Performance Target Outcomes
Performance Target Outcomes - Service Providers
10 of 20 Extension educators who co-train with growers in greenhouse vegetable IPM to provide grower support will conduct educational programming for 150 growers;
8 of the service providers will create an IPM plan with a grower then demonstrate it for 160 growers.
- 6 Consultations
- 5 Workshops/field days
The verified outcome data comes from the data provided by educators who organized the 5 programs for farmers (62 growers), 9 farmers who co-trained, and the estimated at least 10 growers contacted by 6 participants from the end-of-project survey. One respondent shared information from the list-serve, webinars, and training with at least one grower, and also held a grower workshop and visited a farm.

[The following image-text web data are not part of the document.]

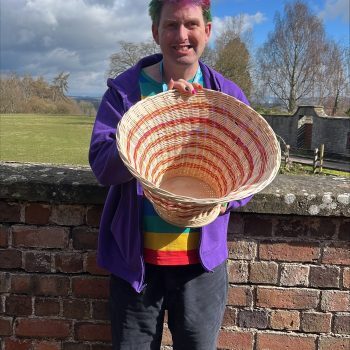 Someone holding a woven basket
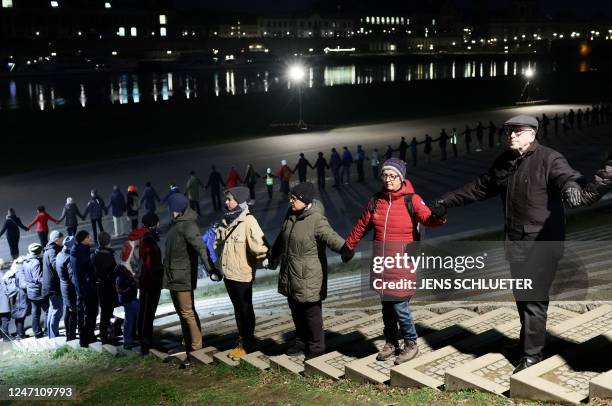 People hold hands to create a human chain along the banks of the River Elbe in Dresden, eastern Germany on February 13 during commemorations of the...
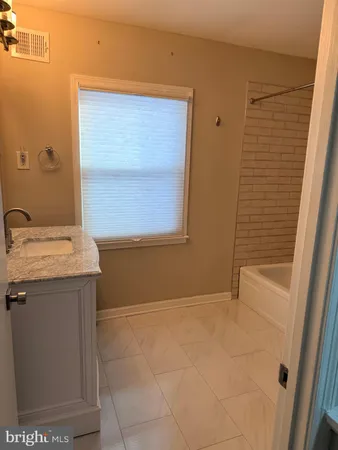 a bathroom with a sink a vanity and a mirror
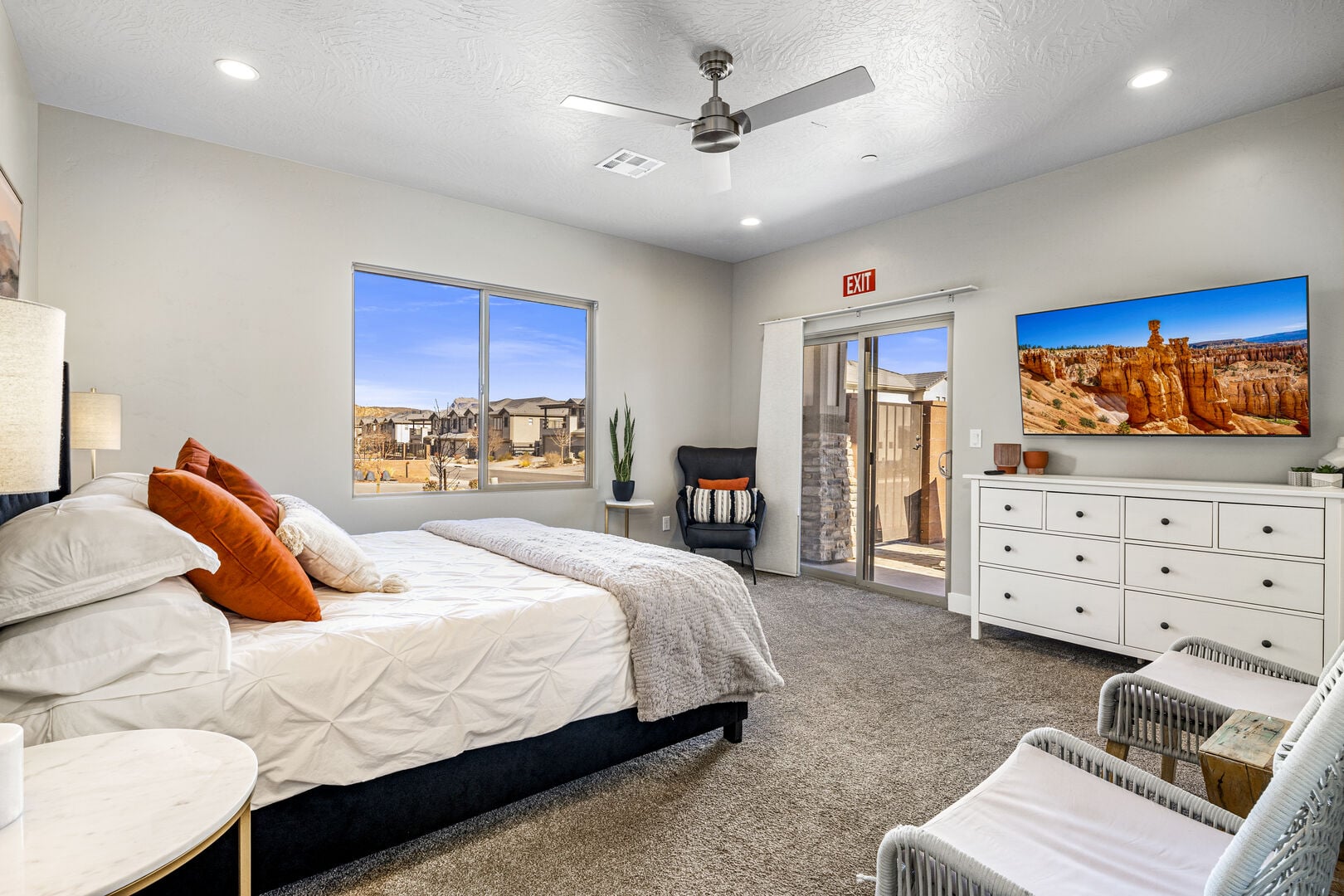 Bedroom featuring multiple windows, access to exterior, carpet floors, ceiling fan, and recessed lighting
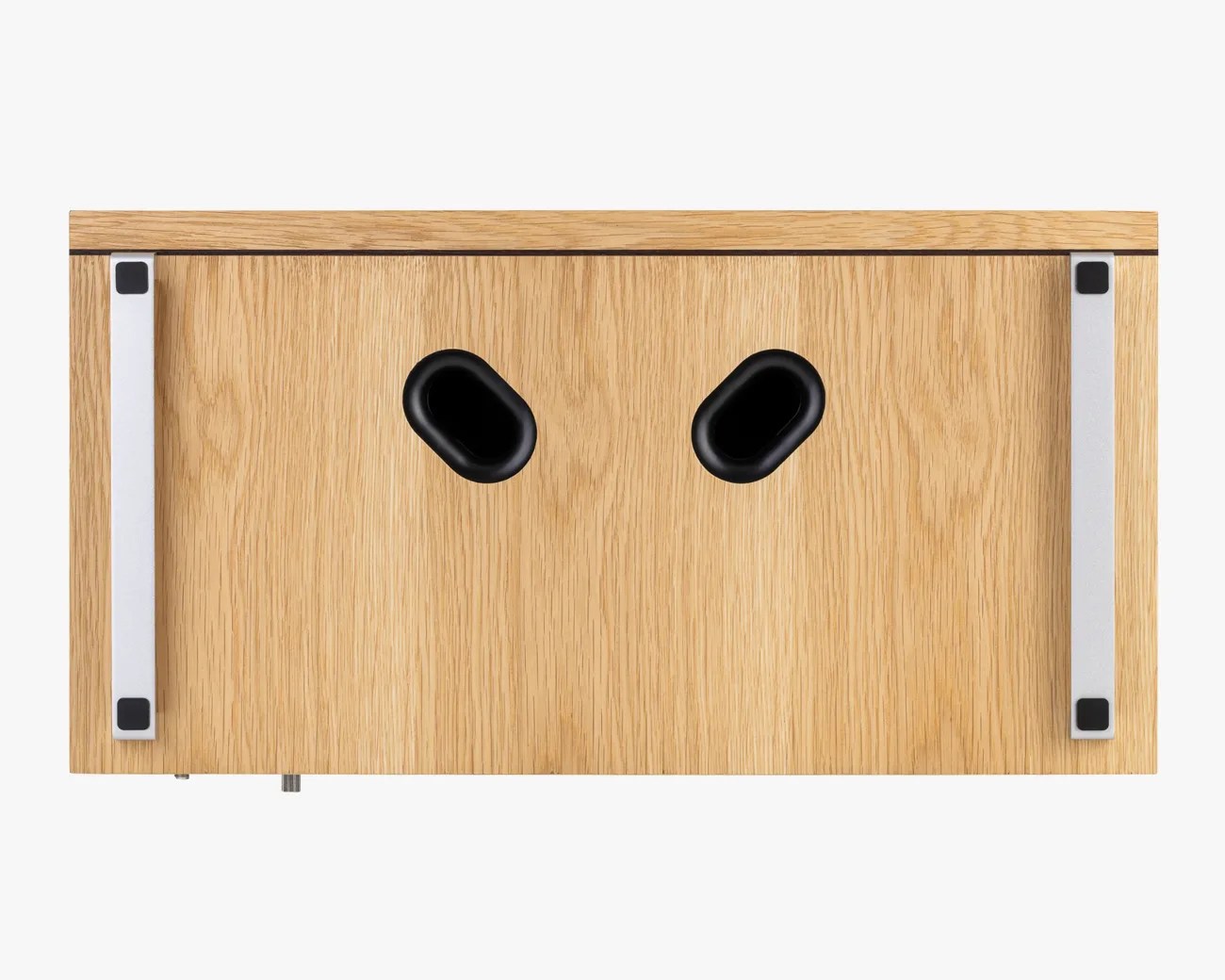 Rectangular wooden box with two black oval holes and two silver metal handles on the sides.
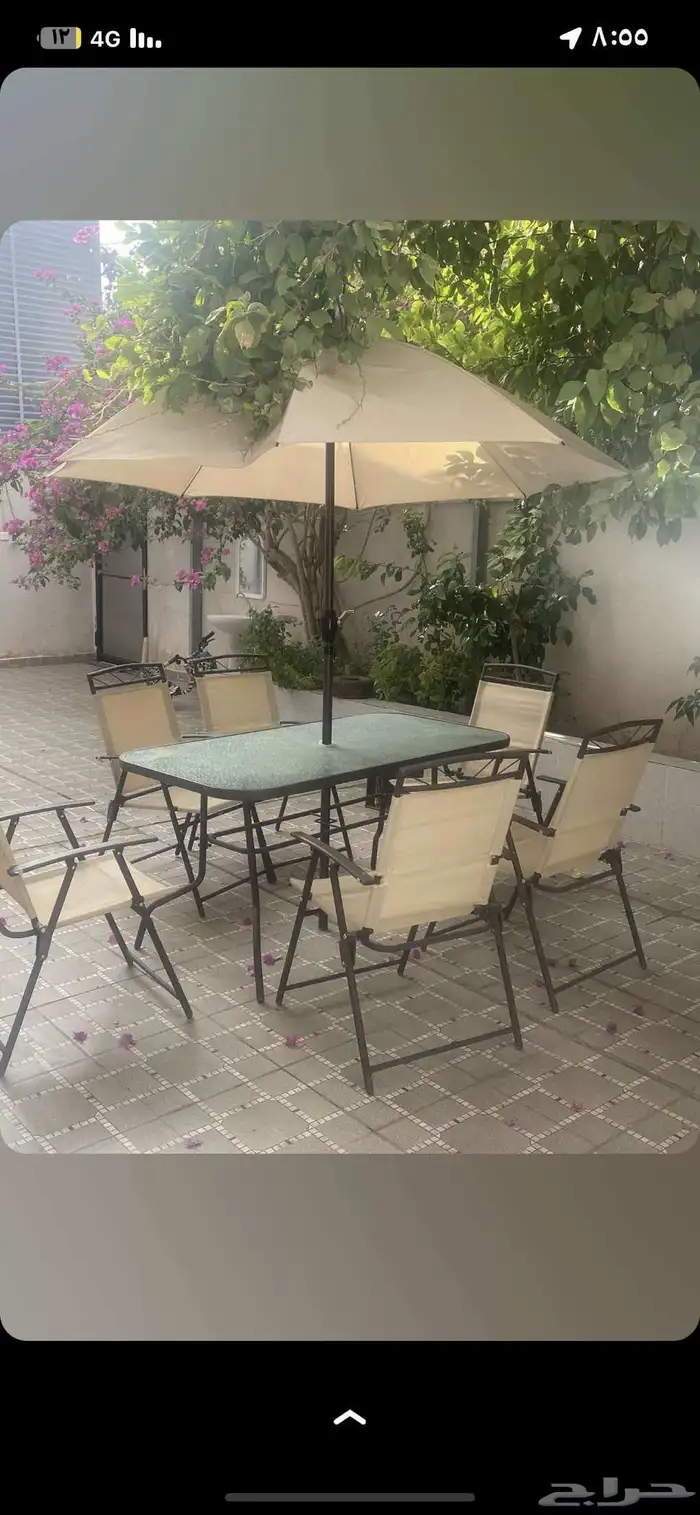 طاوله 6 كراسي ومظله 0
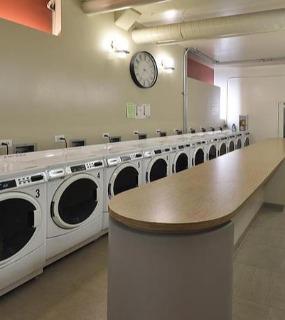 Convenient in-building laundry room with washers and dryers at Cobbler Square Lofts in Chicago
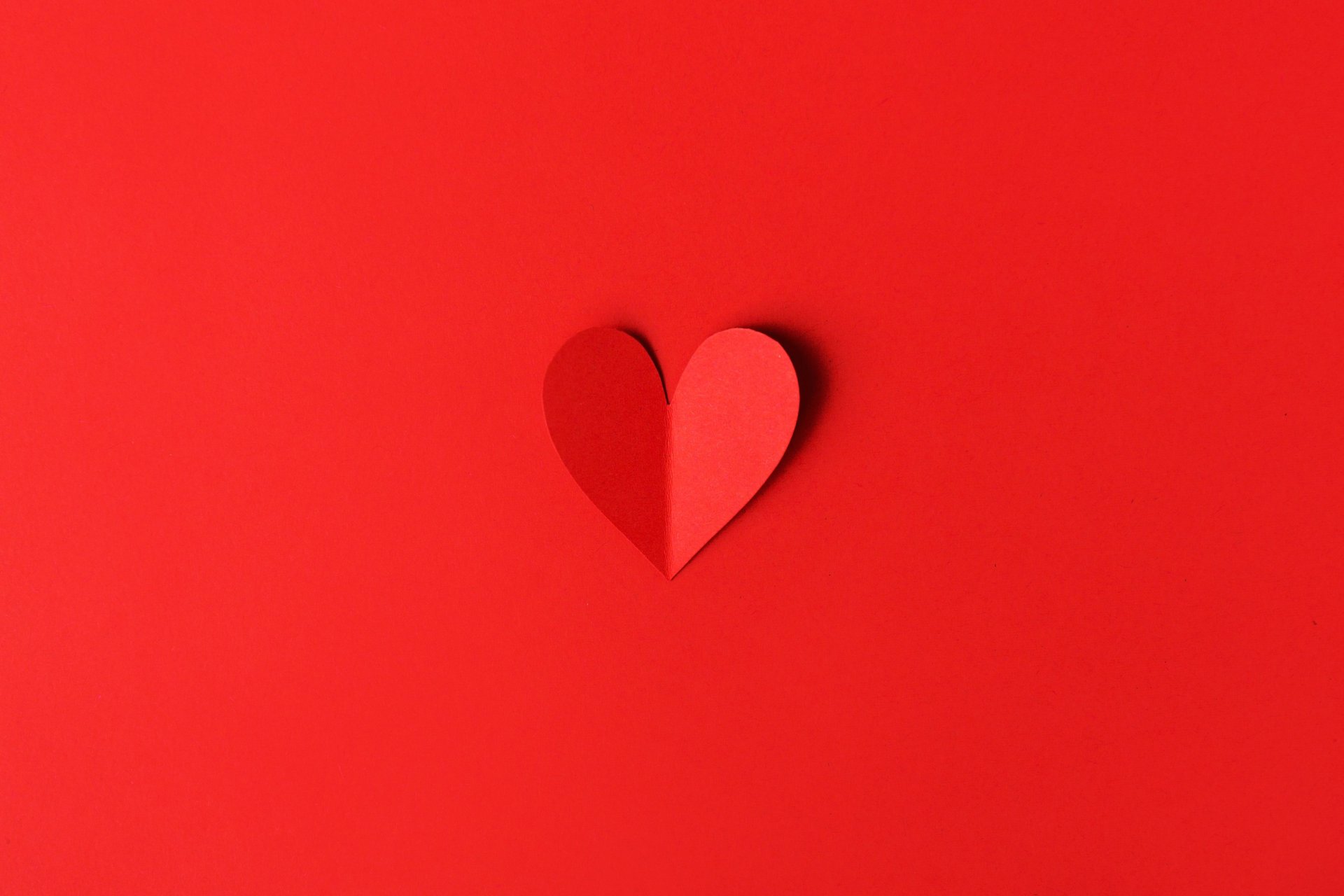 pink heart shaped balloon on white textile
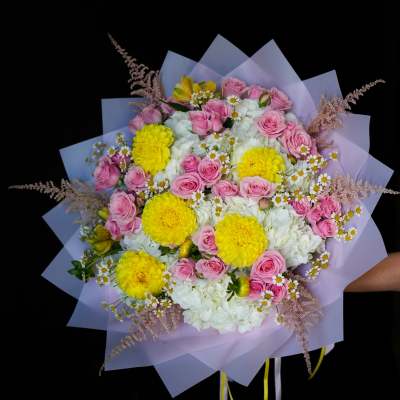 Bouquet of pink roses, yellow blooms, and white flowers wrapped in lavender paper
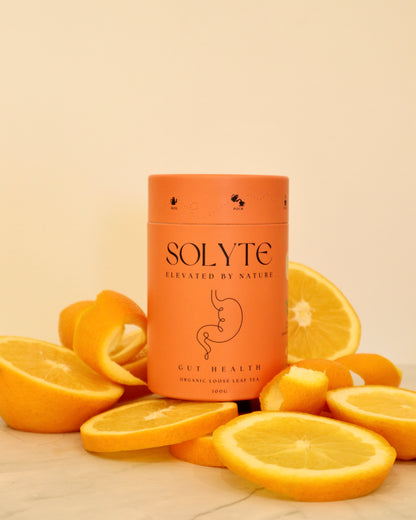 Organic Gut Health Loose Leaf Herbal Tea. Front View Oranges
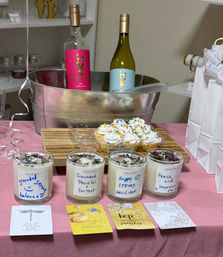 Indoor celebration table with chilled wine bottles in a metal ice bucket, a tray of sprinkled mini cupcakes, four labeled scented candles topped with dried botanicals, inspirational cards and white gift bags on a pink tablecloth.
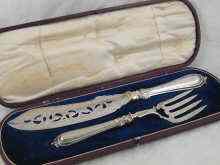 Appraisal: A cased pair of Victorian silver fish servers by J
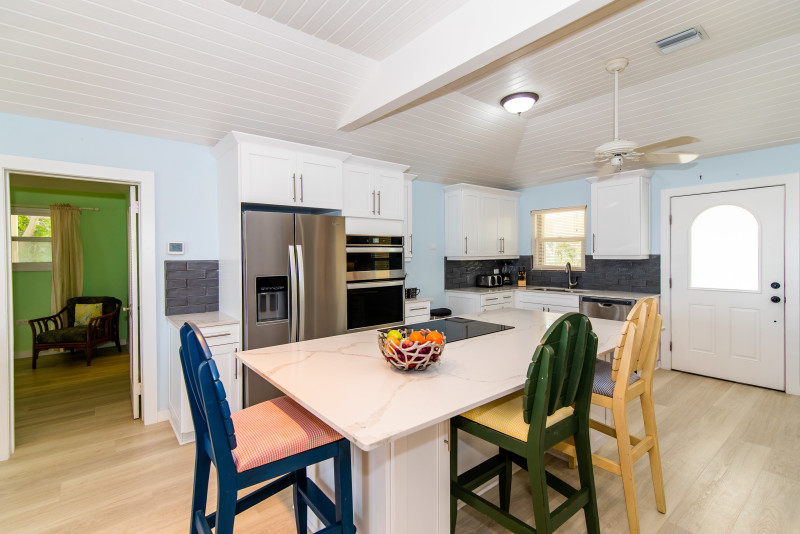 Kitchen has eat in counter top with 3 bar stools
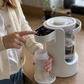 Vanddispenser til babyflasker med temperaturvalg og 2 liters beholder
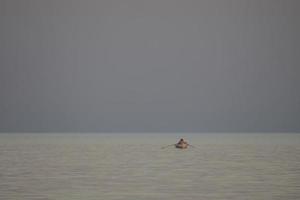 pêcheurs sur un bateau à rames dans la mer au coucher du soleil photo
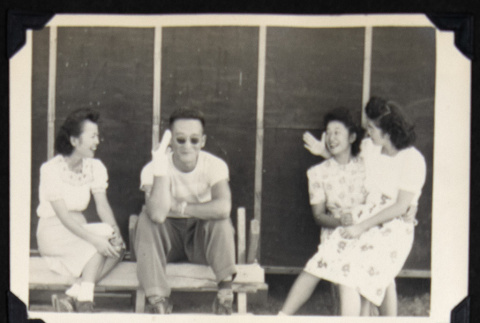 Four adults outside a barrack (ddr-densho-542-739)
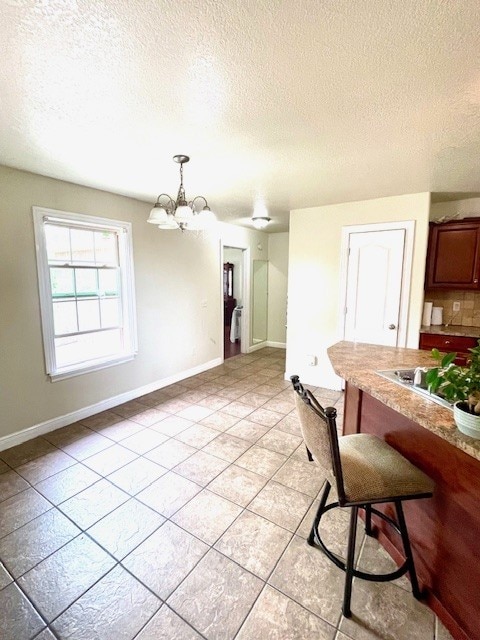 dining area with light tile patterned flooring, a textured ceiling, a notable chandelier, and baseboards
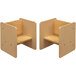 A beige and maple laminate activity cube with a shelf and a step.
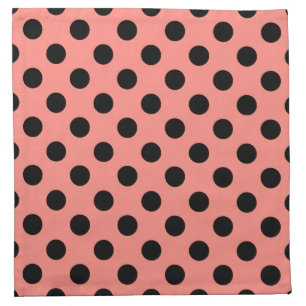 Black polka dots on peach napkin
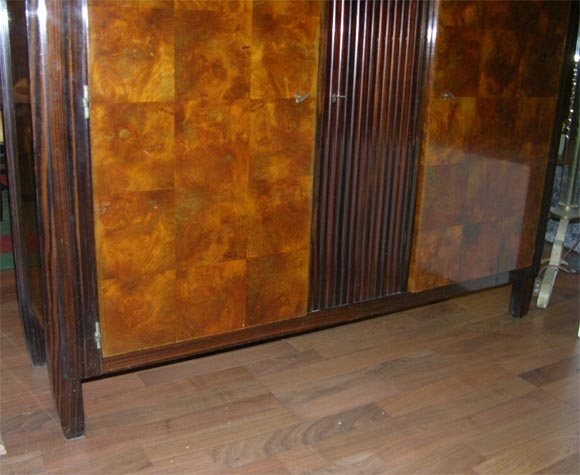 A French Art Deco cabinet by Andre Sornay (1902-2000,) circa 1920-1925, in ebony Macassar and oak, with walnut root marquetry.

Three others participated in the list-serve and webinar and shared information from each with at least one grower. One more participated only in the list-serve and shared information with at least one grower. An additional respondent did not participate in any of the program activities, but did hold a grower workshop and sent information to 5 growers.
While there may be additional activities that were not reported on the survey because of the response rate and who responded, the numbers of verified activities and participants were lower in than our performance targets. The primary barrier was in our providing the right encouragement for Educators to work directly with growers, even to the extent of assisting with a grower education event. Our initial survey data indicated a higher interest in the project activities that we actually experienced, especially in working one-on-one with growers in developing an IPM plan, which led to outcomes that were less than our performance targets.
Performance Target Outcomes - Farmers
The only way, for this project, to assess actual implementation of knowledge gained by growers was through Educator interaction with growers directly. Because the educators participating in the project did not report identifying and working with growers one-on-one, we were not able to verify the intended outcome of farmers adopting IPM in their vegetable greenhouses.